Unless you have a "mystery person" like your grandfather in the mix - that is obvious!

My remarks above obviously do not apply to people who are 1) adopted or 2) have a near-ancestor "without a past."

So, "her father died when she was a child." Well, didn't her mother have any papers on her husband? Old keepsakes (birth certificates, photos of her dead hubby's siblings and parents, etc.)?

(Never could understand how effectively some people would erase their pasts - die without leaving behind memoirs, family stories, photos, old birth certificates, etc. - stuff everyone of course takes and today digitizes and places on the Internet so that distant cousins can profit from them.)

Regards,

30 posted on 02/03/2022 12:36:26 AM PST by alexander_busek (Extraordinary claims require extraordinary evidence.)
[ Post Reply | Private Reply | To 27 | View Replies ]


To: alexander_busek

It is easy to trace parts of your ancestry so long as things were recorded when the events happened, births, deaths, marriages, etc.

In my mother’s case, her biological mother died when she was a toddler, the father remarried and had another child and the father died shortly afterwards, leaving my mother and 2 siblings to be raised by her stepmother. All this happened before my mother was 11 years old.

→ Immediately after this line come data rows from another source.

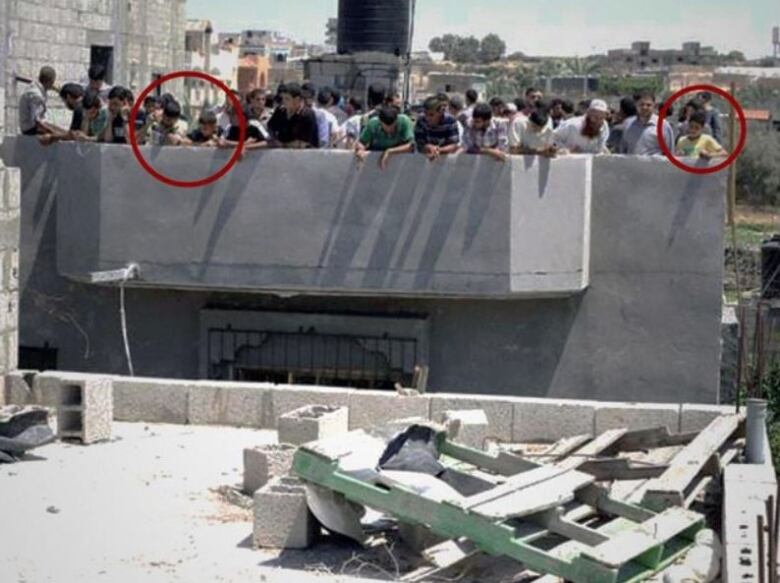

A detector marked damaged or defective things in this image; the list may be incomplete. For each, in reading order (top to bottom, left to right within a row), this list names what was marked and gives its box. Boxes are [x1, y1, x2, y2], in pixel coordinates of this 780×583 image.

broken concrete slab [112, 378, 191, 424]
broken concrete slab [187, 384, 268, 428]
broken concrete slab [266, 388, 354, 428]
broken concrete slab [276, 406, 346, 448]
broken concrete slab [348, 390, 432, 432]
broken concrete slab [442, 410, 484, 452]
broken concrete slab [430, 394, 516, 444]
broken concrete slab [512, 400, 596, 444]
broken concrete slab [596, 404, 680, 436]
broken concrete slab [242, 444, 298, 496]
broken concrete slab [254, 476, 318, 548] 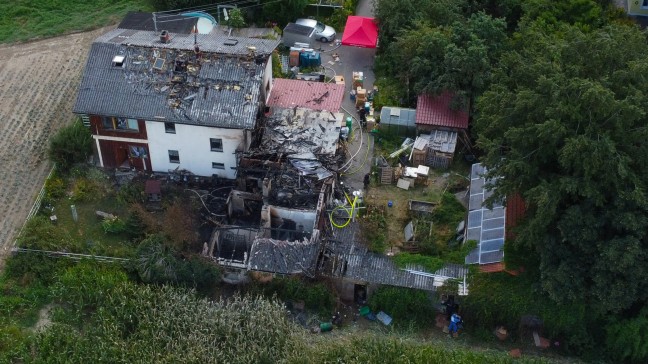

It’s obvious my Grandfather’s name was changed at some point, but after years of research we can’t find anything to indicate when he came to the USA or where he immigrated from.

Just to show you how things change, my Grandmother on my Father’s side of the family was born in 1906, she was born out in the middle of the woods of rural North Florida, there were no hospitals to go to for the birth of my Grandmother, a midwife was present to help the mother thru birth, no birth records were ever recorded, we don’t know exactly what day or year she was born, the 1906 date was a best estimate.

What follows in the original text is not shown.